■ **REQUIRED ACTION**
The line containing "Con GPSR Kontakt", and every line after it to the end of the listing, should be repeated exactly; the pictures should not.
BEGIN
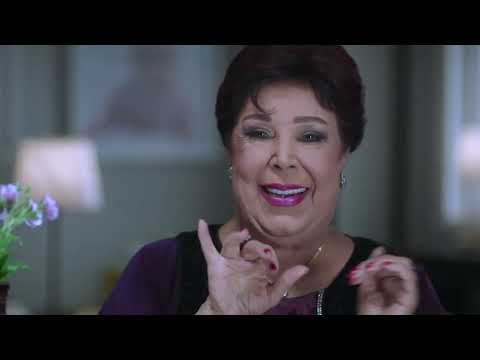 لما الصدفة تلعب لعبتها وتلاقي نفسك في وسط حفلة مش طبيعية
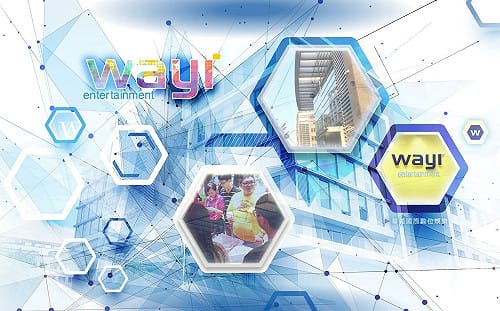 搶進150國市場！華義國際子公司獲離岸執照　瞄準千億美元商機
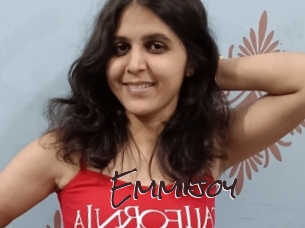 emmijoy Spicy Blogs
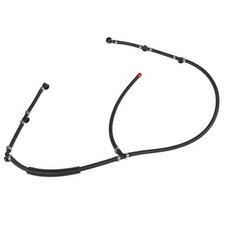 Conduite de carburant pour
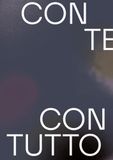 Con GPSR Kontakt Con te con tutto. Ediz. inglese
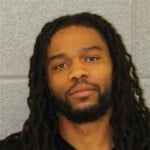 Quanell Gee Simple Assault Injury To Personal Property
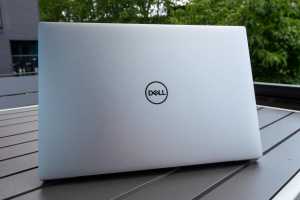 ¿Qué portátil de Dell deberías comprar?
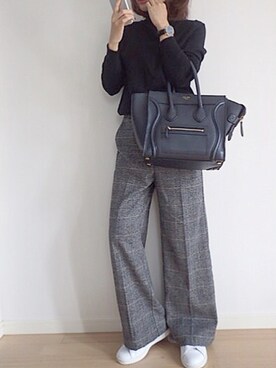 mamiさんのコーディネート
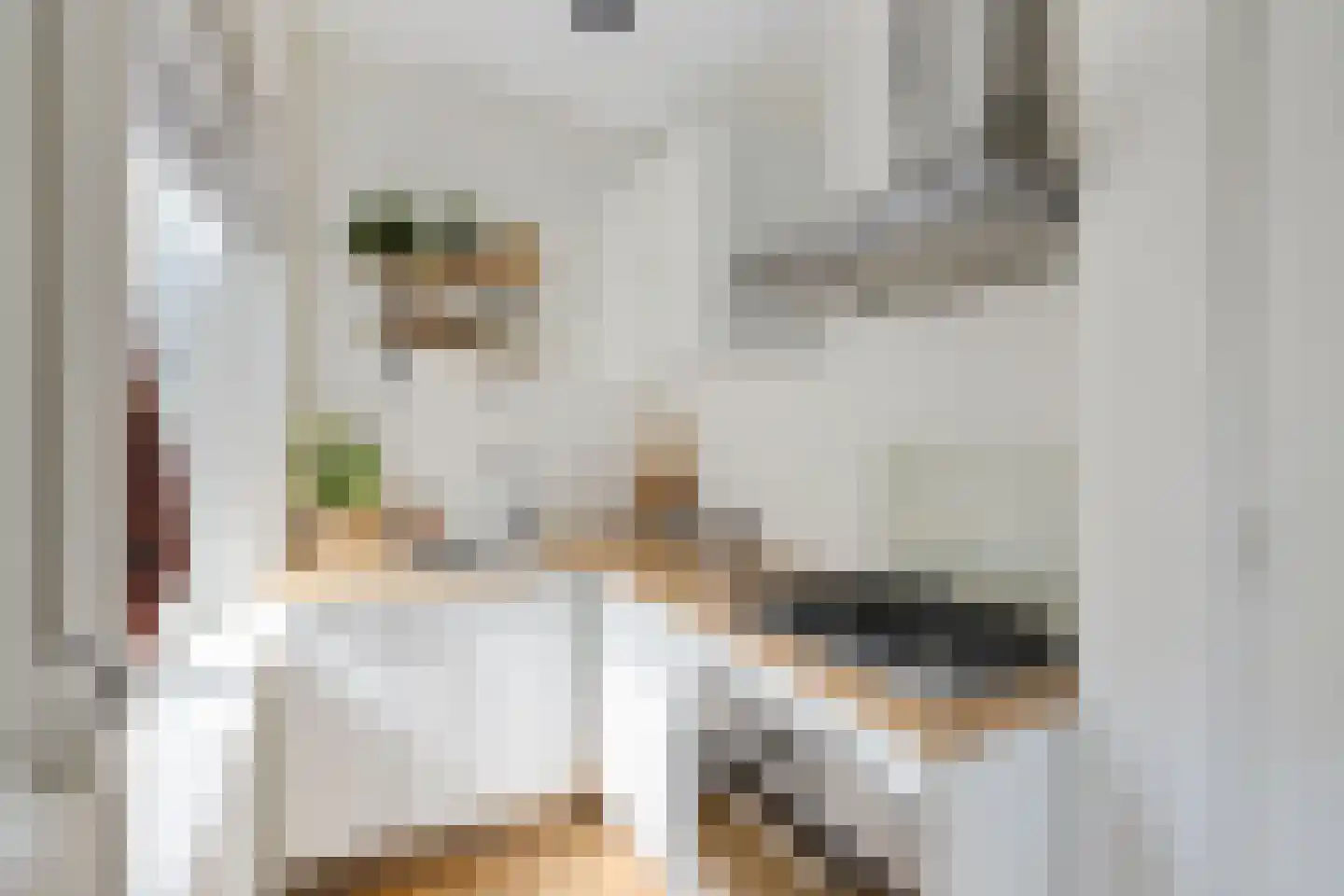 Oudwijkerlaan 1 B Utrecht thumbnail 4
END
■ **RESULT FOR THIS EXERCISE**
 Con GPSR Kontakt Con te con tutto. Ediz. inglese
 Quanell Gee Simple Assault Injury To Personal Property
 ¿Qué portátil de Dell deberías comprar?
 mamiさんのコーディネート
 Oudwijkerlaan 1 B Utrecht thumbnail 4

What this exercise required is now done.